Yaddo’s commissioning strategy will take a similarly open-minded approach, with budgets allocated by need, rather than as part of a rigid structure. The first feature length commission to appear on the service will be Oink – a film about the way that humans interact with pigs. The film is currently in production and Fraser admits he has wanted to it do for a long time.

“I think films about the relationship with humans and animals do well. People are interested in that now, there’s a sort of wave of interest,” says Fraser, citing films like Blackfish. He says Oink will tackle humans’ attitudes to pigs and tackle issues such as pig-to-human organ transplants and cultural mores relating their part in the food cycle. Like The Chinese Mayor, Fraser predicts the topic will travel.

On top of this, Yaddo has commissioned around 40 short docs, which Fraser says fall into two categories: films from different countries; and a series called Criminals.

The first will feature docs from as far afield as Japan, Brazil, South Africa and Poland and will explore unusual stories.

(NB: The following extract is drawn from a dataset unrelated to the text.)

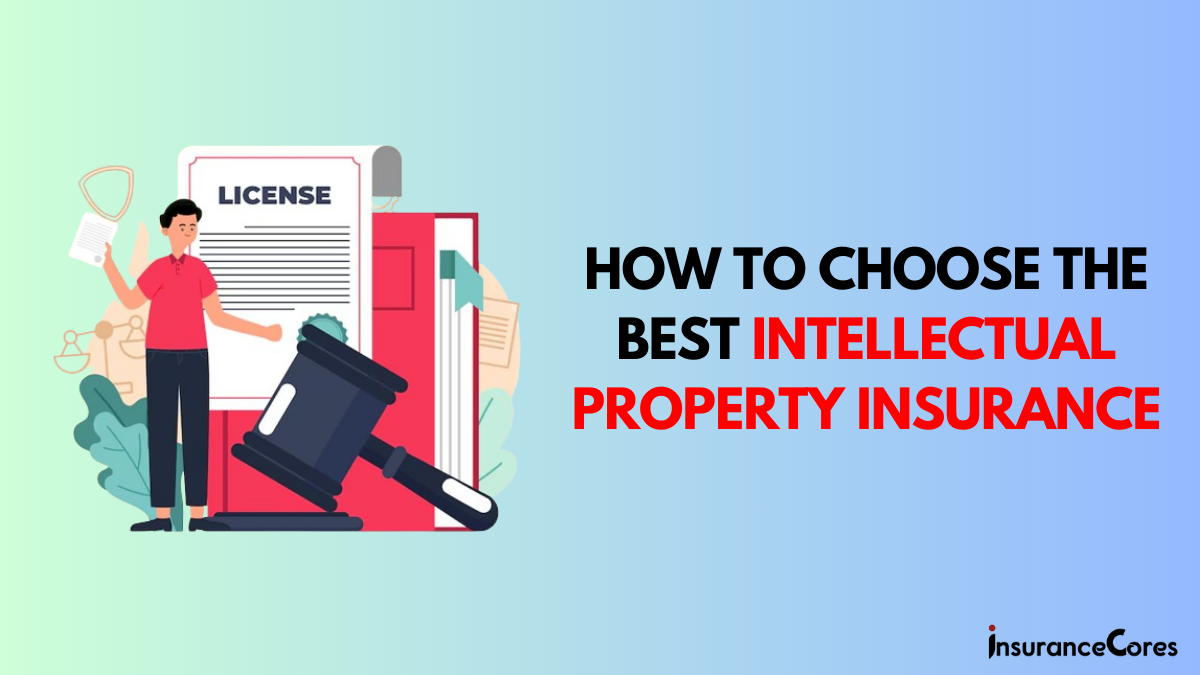 The Ultimate Guide to Choosing the Best Intellectual Property Insurance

For example, the English shorts in this series will span eccentric suburban taxidermists to female grime entrepreneurs. “The idea is there’s no normal left and everyone’s mad,” explains Fraser.

The Criminals series will feature people talking for five or six minutes about the crime they have committed, looking straight down the camera lens. Fraser describes it as a simple format that is “curiously riveting”.

For Fraser, Yaddo offers a new way for docs to be seen. However, he stops short of calling it “the solution” for documentary filmmakers. Rather, it presents another avenue for what can be a finically precarious profession. In an affectionate piece for the Observer earlier this year, Fraser summed up the lot of a doc maker by saying: “You won’t be rich, but you’ll have a good life.”

Yaddo came together after a lot of thought and a year and a half of raising startup funds. Fraser says that after so long at the BBC – an institution he loved “truly, madly, deeply” – he liked the idea of “doing new things”. However, Yaddo’s number one task now is to find its audience and to add subscribers. “It’s a dinghy in the Pacific syndrome,” says Fraser, describing the task at hand. But who better to have at the helm?